Data cleanliness

One of the not-so-joyous elements of online collaboration is the create/merge/delete cycle.

It usually happens something like this:

      • two or more people think a page needs to exist, and they create it, each with a slightly different name because they each have a specific point of view about the content on the page.
      • over time, the pages are expanded or otherwise improved, until someone discovers two of the pages and proposes they be merged. Disagreements may ensue over which should be kept and which merged. Disagreements may arise over what content should be preserved in the final version.
      • Eventually a page is deleted. It may be the page made redundant after an orderly merge. It may be deleted pseudo-randomly by a deletionist who sees there is at least one other page.
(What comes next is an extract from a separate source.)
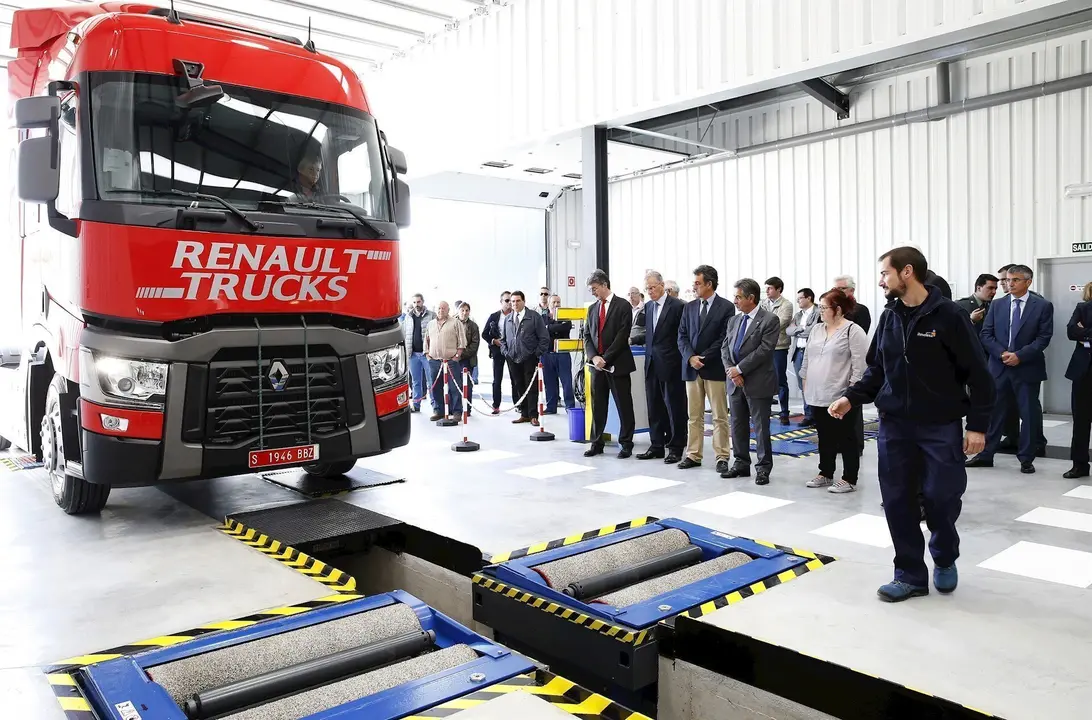    Cantabria cuenta ya con ocho estaciones de ITV tras la inauguraci&oacute;n este mi&eacute;rcoles de la nueva de Castro Urdiales-Ont&oacute;n, que posibilita que todos los conductores de la comunidad aut&oacute;noma cuenten a menos de 50 kil&oacute;metros con una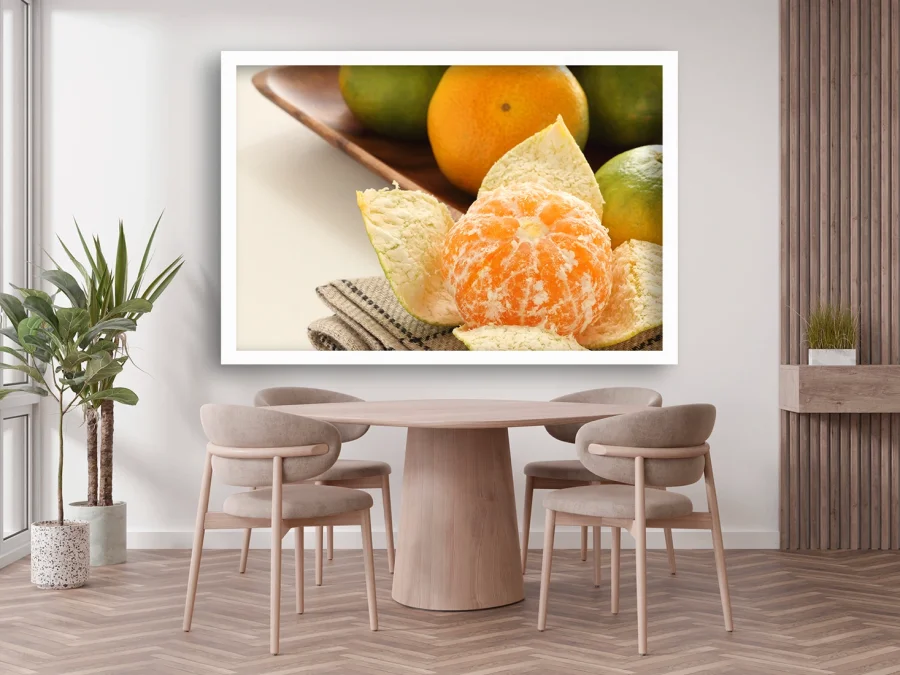 🍊 Картина с мандарином в чёрной раме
It may be deleted vengefully.

Each of these stages, after the first, may be re-occurring at any given moment.

It happens on many different platforms, but today’s example was on FamilySearch. In trying to trace down Jean Guyon Sieur du Buisson[G], I discovered an entry which had been merged, with a link to the merge target. That entry had been merged, with a link target, as had the next. The one after that, however, had simply been deleted, with the annotation, in French, it was redundant.

Not one of the entries I was able to review had any particular value – most appearing unsourced. But it would have been beneficial if, instead of deleting, that final step had been merged without merging any fields to generate the link to the ‘correct’ page, assuming it still exists.

Ah well, the cycle will always continue.